Une nouvelle trêve entre en vigueur au Soudan


Libé
Lundi 19 Juin 2023

Une nouvelle trêve de 72 heures est entrée en vigueur dimanche au Soudan, annoncée la veille par les médiateurs saoudiens et américains pour tenter de mettre un terme à deux mois de combats qui ont plongé le pays dans une crise majeure.


Entrée en vigueur dans tout le pays à 06H00 locales (04H00 GMT), il s'agit d'une énième trêve entre l'armée, commandée par le général Abdel Fattah al-Burhane, et les paramilitaires des Forces de soutien rapide (FSR), dirigés par le général Mohamed Hamdane Daglo, en guerre depuis le 15 avril.

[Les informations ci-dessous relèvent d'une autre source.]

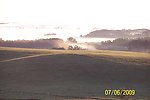 云雾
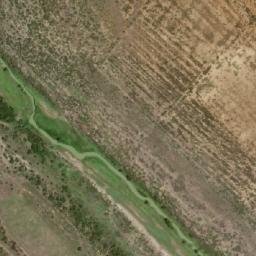 Satellite imagery of Newlands, ZA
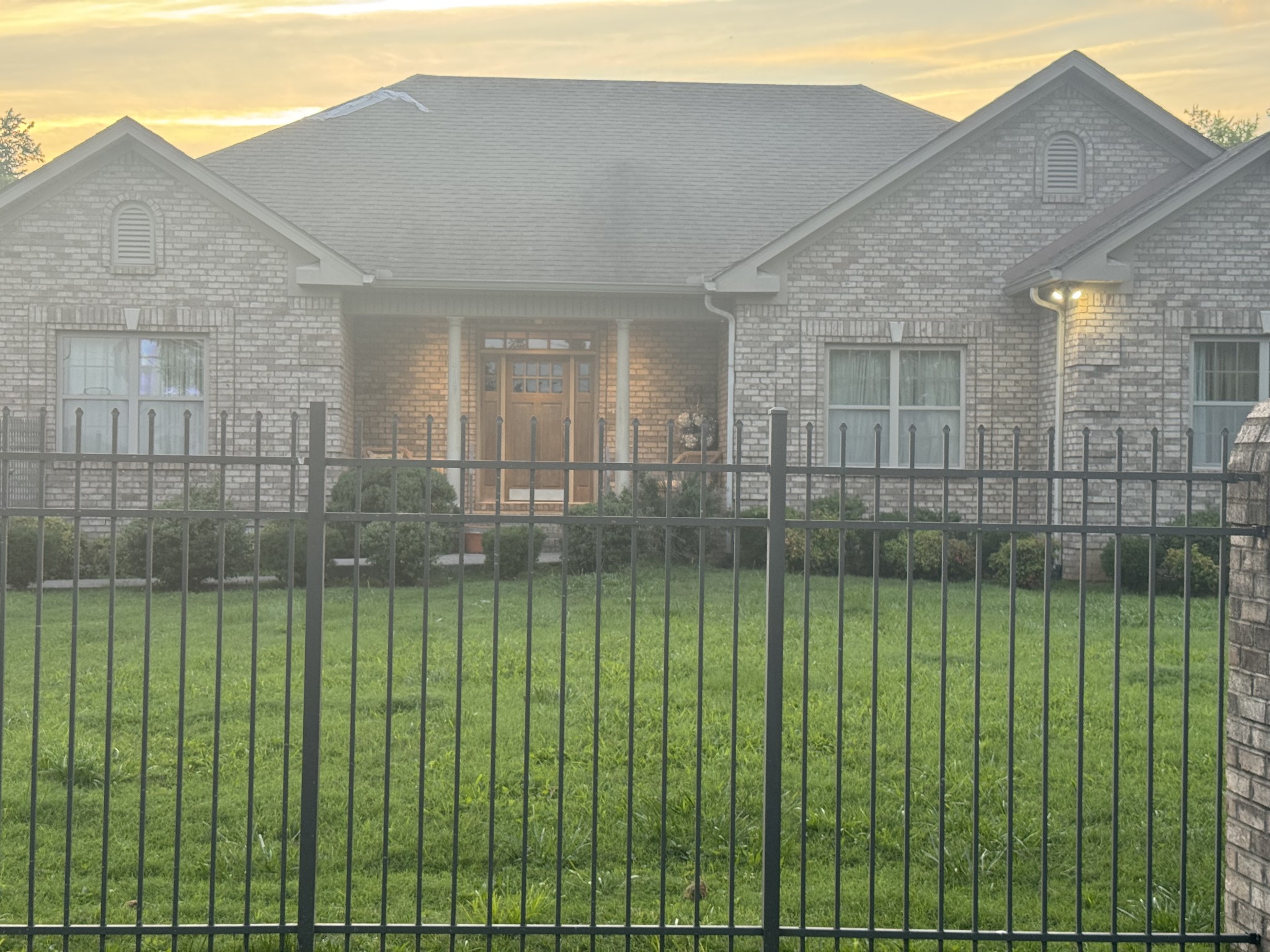 1719 River Dr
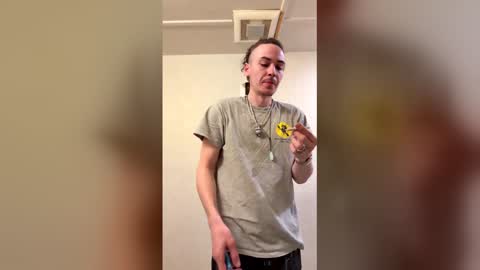 yungstudbev online show from 02/28/26, 10:49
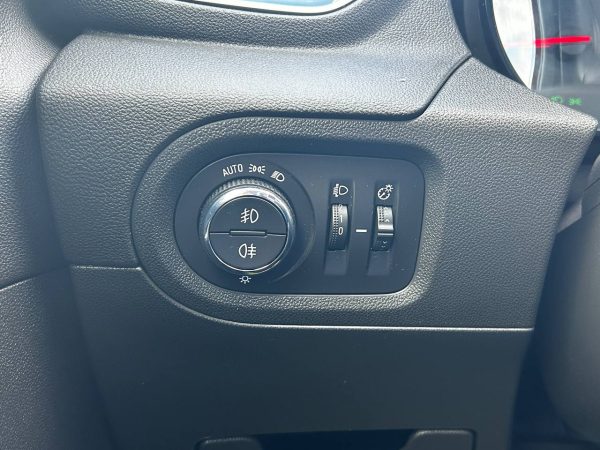 Opel Grandland X I - Image 26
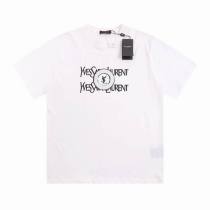 YSL T-shirt XS-L (15)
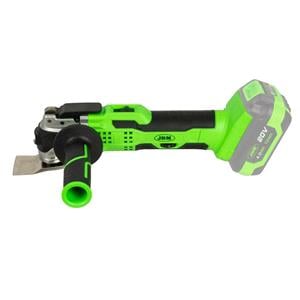 Multi Tool Oscillating, JBM Brushless Oscillating Multi Tool Unit , JBM Tools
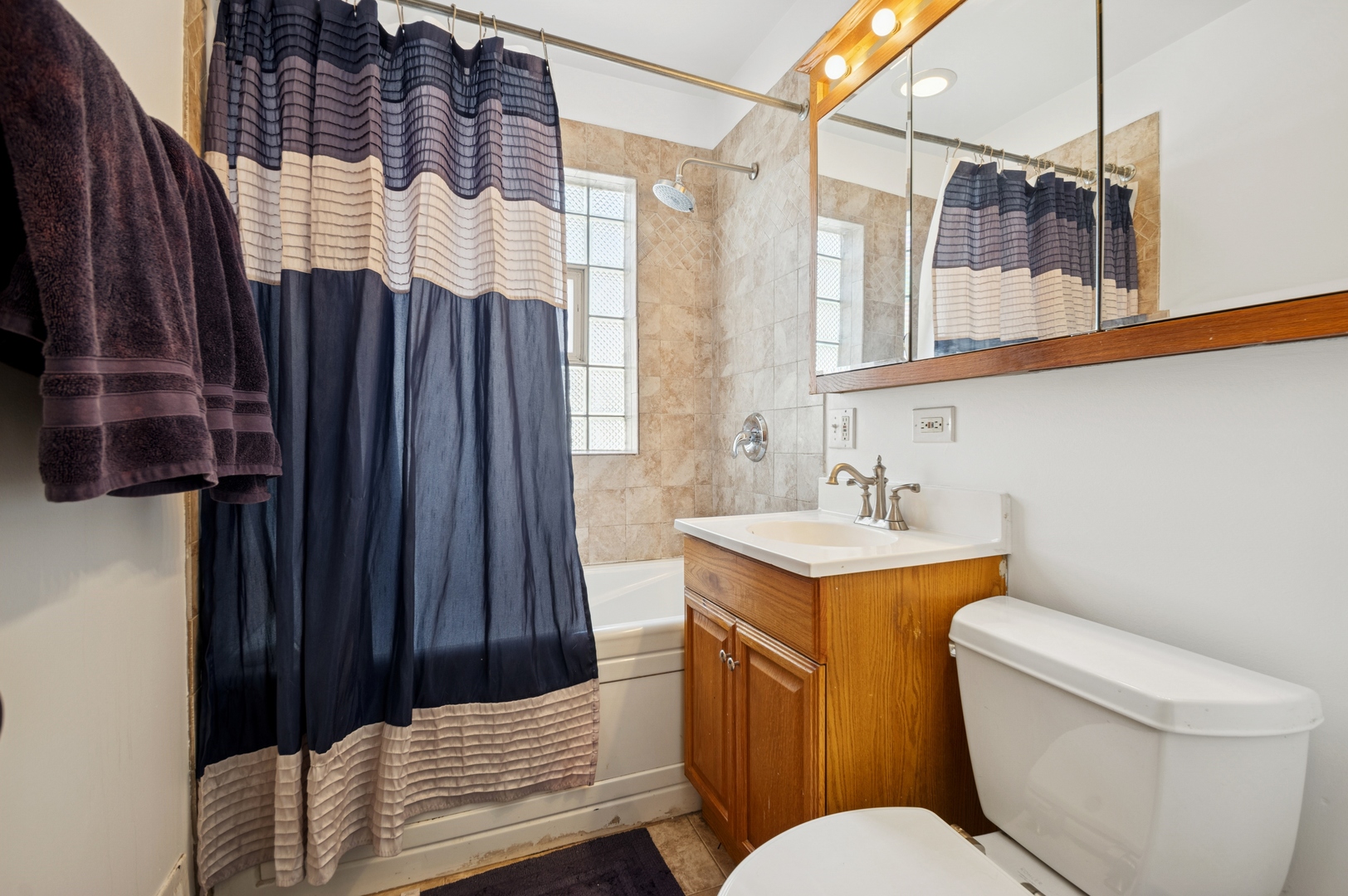 4631 North Lawler Avenue Chicago IL 60630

Outre l'arrêt de tout mouvement et d'attaque pendant trois jours, les deux camps ont convenu d'acheminer de l'aide humanitaire dans l'ensemble du Soudan.

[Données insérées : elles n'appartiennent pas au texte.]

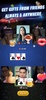 PokerGaga: Texas Holdem Live screenshot 10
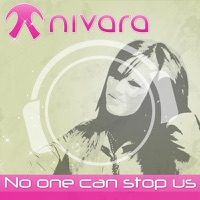 No One Can Stop Us (Single Edit)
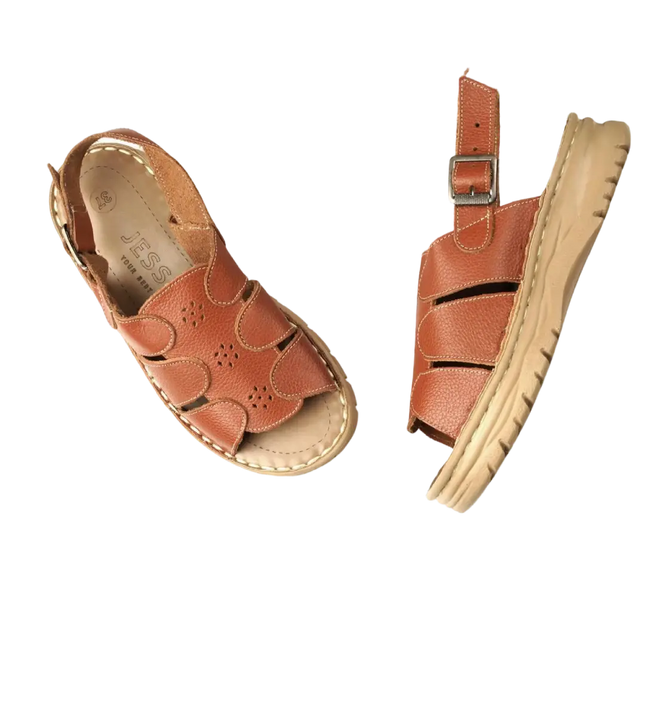 كود ٢١٢ سابو، مصنوع من الجلد الطبيعي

Dans ce pays d'Afrique de l'Est, l'un des plus pauvres au monde, plus de 2.000 personnes ont été tuées, selon l'ONG ACLED.

L'ONU estime que plus de 2,2 millions de personnes ont été déplacées par le conflit et que 25 des 45 millions d'habitants dépendent désormais de l'aide humanitaire pour survivre.
 La trêve intervient alors qu'une conférence internationale sur l'aide au Soudan, parrainée par l'Arabie Saoudite, est prévue ce lundi à Genève.


Une heure après son entrée en vigueur, la situation à Khartoum était "calme", selon des habitants. 
"Le problème est que les jours qui suivent la trêve sont généralement très difficiles. C'est comme si les combattants voulaient rattraper (les jours de cessez-le-feu)", lâche Hana'a Hassan, résidente du centre de Khartoum.


A Oumdourman, ville-jumelle de la capitale, Sami Omar dit vouloir "un cessez-le-feu complet, car une trêve ne suffit pas pour que nous retournions à nos vies."

"Ils peuvent arrêter de se battre, mais les FSR ne quitteront pas les maisons (qu'ils occupent), et passer par les points de contrôle est aussi difficile" que pendant les jours de combats, souligne-t-il.


Les affrontements s'étaient intensifiés avant que les deux camps ne s'engagent à respecter la trêve dans des déclarations séparées samedi soir.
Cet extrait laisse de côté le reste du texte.